Now it is Andalusia, one of the finest parts of Europe, that is struck with disasters. The shock that was felt on the 22d of December, 1884, on the western coasts of Spain and Portugal, and as far as the Azores and Madeira, seemed to be a forerunner of the one, of incomparably greater intensity, that took place three days afterward in another part of the Iberian Peninsula. At about nine o'clock in the evening of the 25th of December, the southern part of Andalusia was so roughly shaken that fifty-six towns and villages in the provinces of Malaga and Granada were devastated in less than ten seconds; and twenty of these places were nearly entirely destroyed. Among them were Albania, Arenas el Rey, Albunuelas, Periana, Zaffaraya, and Venta de Zaffaraya. These places, situated above the center of the agitation, are scattered over a surface of which the principal dimension does not reach forty miles; but the movements of the ground extended far beyond this region, to Seville on the west, Cape Gadez on the east, and Molena de Aragon. The movements provoked phenomena of different kinds. Crevasses, several miles long and several yards wide, were opened at various places. From one of them, near Santa Cruz, exhaled fetid gases, having the odor of sulphureted hydrogen, and there burst from the same fissure a copious spring of sulphurous water with a temperature of about 90°; while at a short distance from this point the thermal springs of Alhama, that have been in use from antiquity, were heated to a higher temperature and acquired a sulphurous character.

The districts near the Sierra Nevada and its ramifying spurs have frequently been the center of subterranean commotions; and it is an important fact, not to be neglected, that the shocks have many times, as in the present case, been repeated for several weeks in succession.

Among the movements which the ground undergoes during earthquakes, vertical shocks of great energy may sometimes be felt. During the earthquake in Calabria in 1783, houses were thrown up into the air, as if by the explosion of a mine; and at Riobamba, in Colombia, in 1812, several persons were cast bodily upon a hill more than three hundred feet high. These motions are called succussions, or subsultory tremors. The most frequent movements, and generally the most extended, are the undulatory ones, which are propagated horizontally, like the waves which we can observe at any time on a liquid surface. Like those waves, they may, when continued for some minutes, cause a kind of sea-sickness. Sometimes the terrestrial undulations are so strong as to bend over trees till their limbs touch the ground. These two forms of tremor may be associated together, or they may succeed one another at very short intervals. Various instruments—seismographs or seismometers, analyzers, and pendulums—are used to determine their intensity, direction, and duration, and register their characters.
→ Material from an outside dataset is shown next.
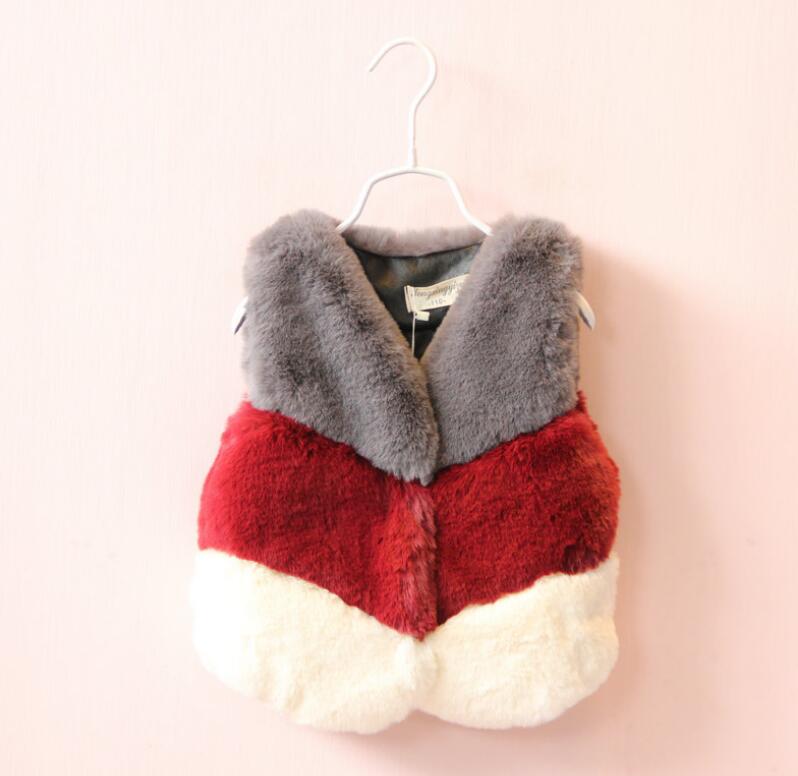 Melario Outerwear&Coats New autumn Winter Fashion Thick Warm Faux Fur Vest cute V-Neck Fur Patchwork Vest Girls clothes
The intensity of the shocks is extremely variable. Sometimes they are hardly perceptible, or marked only by low rumblings; often they are so strong that works of masonry are overthrown by them. For this reason special modes of construction are employed in countries subject to earthquakes, as adapted to oppose the least resistance.
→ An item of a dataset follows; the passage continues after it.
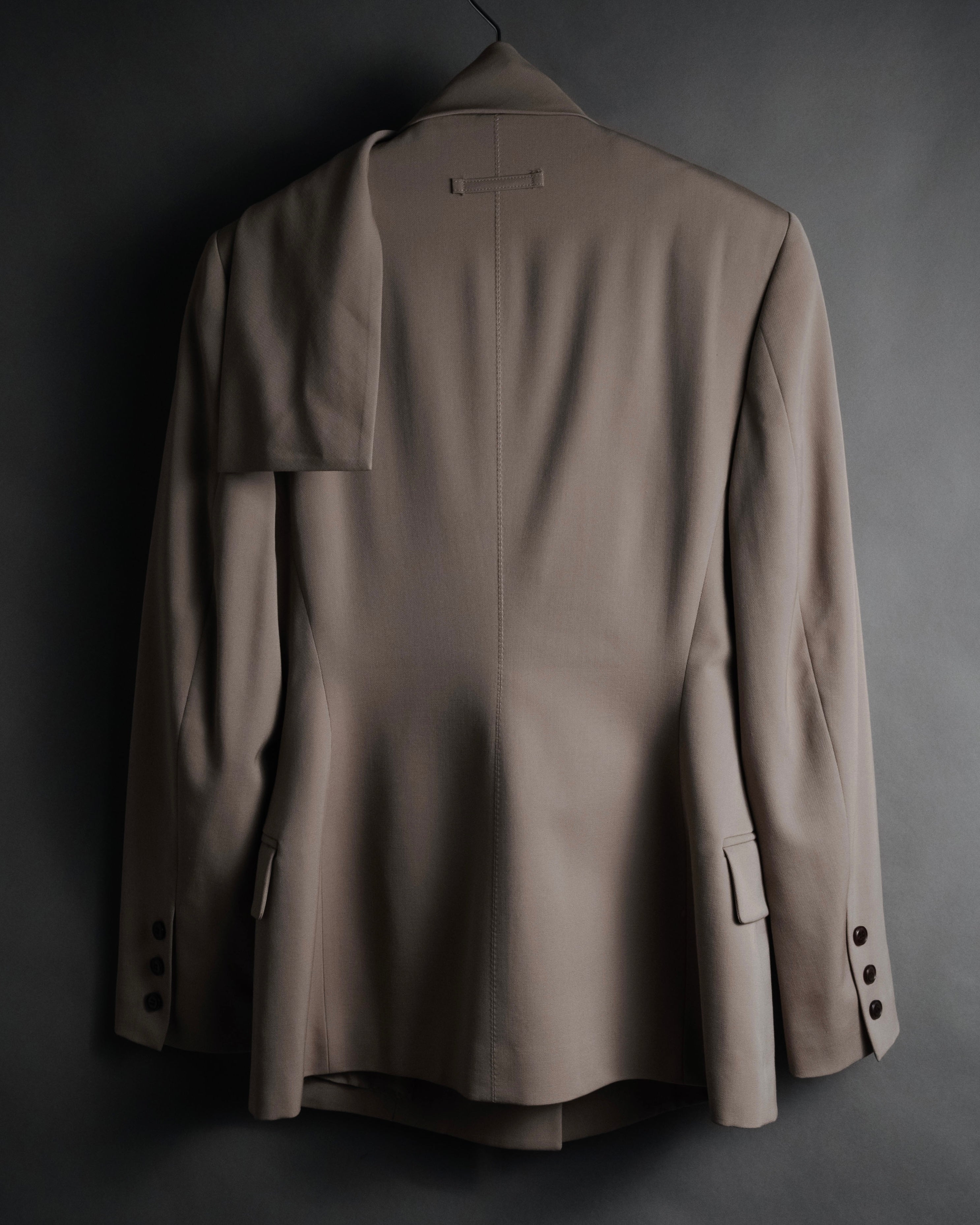 –SPECIAL– “Jean Paul GAULTIER FEMME” 90’s-00’s sculptural scarf collar tailored jacket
In the most usual undulatory movement, the agitation is naturally stronger at the top of buildings than at their base. Thus, in the theatre at Madrid, on the 25th of December last, the upper gallery was visibly shaken, while the parquette was unmoved. For the same reason, the motions are incomparably less sensible in the interior of mines than on top of the ground. M. Domeyko relates that he was once at the bottom of the silver-mines of Charnacillo, more than six hundred feet underground, during an earthquake that destroyed his own house and several others right above him, while he did not feel the least agitation.

The duration of the shocks is generally very brief, sometimes not more than a second or two. The undulatory movements are more prolonged. A few instants are sufficient to produce the most disastrous effects. Three shocks, each of which was estimated to be not more than four seconds long, destroyed more than 20,000 persons in and around Carácas in March, 1812; and the convulsion at Pdobamba, in 1797, killed as suddenly 30,000 victims.
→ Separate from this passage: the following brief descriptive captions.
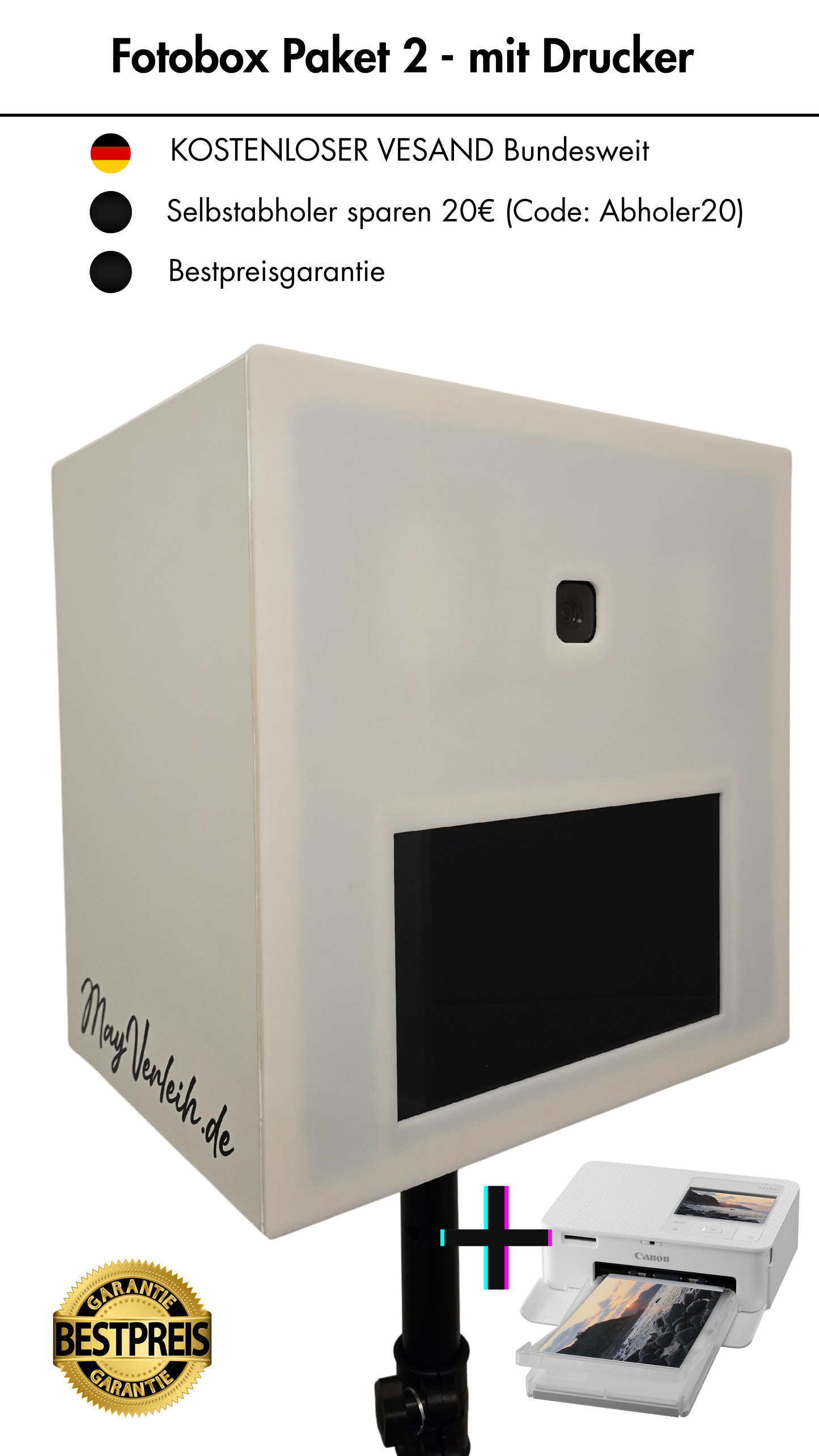 Fotobox - Paket 2 (inkl. Canon Selphy)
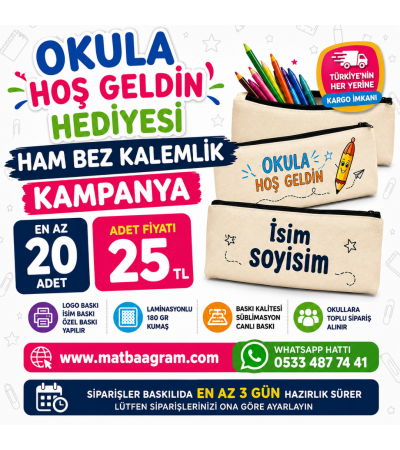 Okula hoşgeldin hediyesi Bez Kalemlik Okula hoşgeldin hediyesi Bez Kalemlik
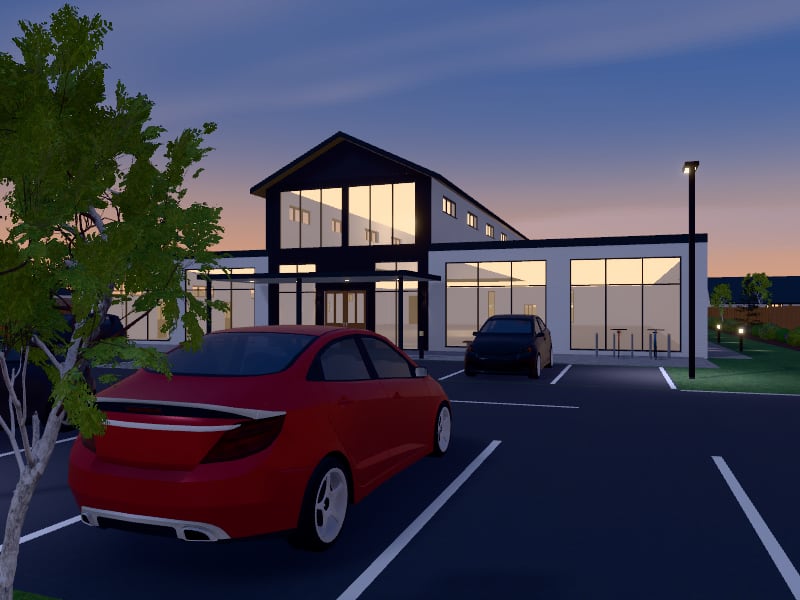 Compact Coastal Shopping Centre, exterior view
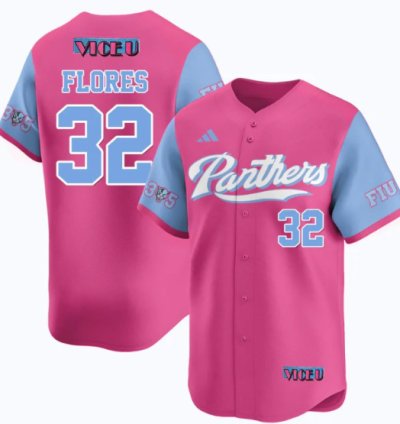 Nelson Rivera Flores Jersey 32 Fiu Baseball 2025 Vice U Stitched Pink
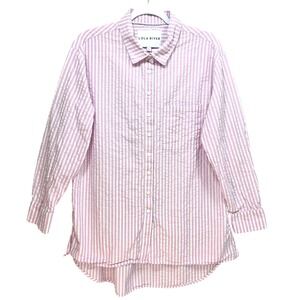 Anthro Lola River Seersucker Striped Button Down Shirt Womens L Oversized Pink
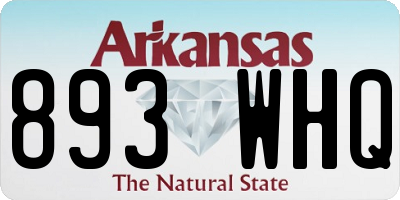AR license plate 893WHQ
But, however overwhelming and disastrous in reference to our persons and buildings earthquakes may be, it must be borne in mind that the amplitude of their movements is wholly insignificant in proportion to the dimensions of the globe whose epidermis they shake. The phenomenon is rarely limited to a single shock. Generally, several shocks follow one upon another at short intervals. In many cases, the movements are repeated for months and years, with pauses of a variable duration, so as to form as a whole, till they are totally extinguished, what might be called a seismic period. After the shock which overthrew Thebes, on the 18th of August, 1851, the commotions continued in Bœotia for eleven months, occurring sometimes as often as three times in twenty-four hours. Long series of shocks disturbed a part of Scotland during the two years from the 20th of October, 1839, to the 7th of December, 1841. Hundreds of similar examples might be cited.

The chain of the Alps has furnished examples of seismic periods in many of its parts. Series of shocks were felt at Pignerol, in Piedmont, from the 2d of April, 1808, till the 17th of May following, during which time not a day passed but some movement was felt. Sometimes the tremors were noiseless, sometimes they were accompanied with commotions preceding the destruction of buildings. The commotions were renewed on the 26th of September, the 28th of October, and the 22d of November; and in the next year on the 13th of March and 26th of June. Similar periods of seismic action were observed in le Valais in 1755, on Lake Gardo in 1866, on Monte Baldo in 1868, and at Belluno in 1873. The present period in Andalusia is of the same kind. The prelude of the 23d of December, which disturbed a part of the Spanish Peninsula, the great earthquake of the 25th of December, and that long succession of shocks which still continued on the 9th of March with sufficient violence to cause new ruins, belong to the same series. As Humboldt has remarked, it is noteworthy that series of this kind are produced more especially in countries distant from volcanoes.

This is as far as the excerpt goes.